By Sean Fitz-Gerald
I’m not sure what kind of coffee Barbara Hall drinks in the morning, but I know it’s a hell of a lot stronger than mine.
Hall started her Saturday at 9 a.m. While many of use were still sleeping off out Halloween hangovers, she was shaking hands at Knob Hill Farms at Parliament and Dundas Streets.
I caught up with her around noon at her rally at the Metropolitan Hotel. It was held in the huge ballroom, and was packed to the rafters with people waving placards.
I was still wiping sleep from my eyes when Atom Egoyan, Paul Gross, John Ralston Saul and Margaret Atwood walked across the main stage, in support of Hall.

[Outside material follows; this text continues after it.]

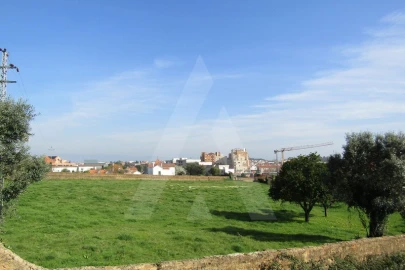Terreno para Venda em Albergaria-A-Velha e Valmaior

“Our mayor will be the face we are known by provincially, nationally and internationally. Our mayor will also be the mouth we are known by,” said Atwood, famous author and city resident, to a crowd of 600. “To represent us, we want a person whose foot will not always be in that mouth.”
“We’ve run out of campaign ideas,” Hall said. “Of compassion. Of inclusiveness and substance,” Hall said. “My opponent has also released many sounds and original ideas. But none of the original ideas were sound, and none of the sound ideas have been original.”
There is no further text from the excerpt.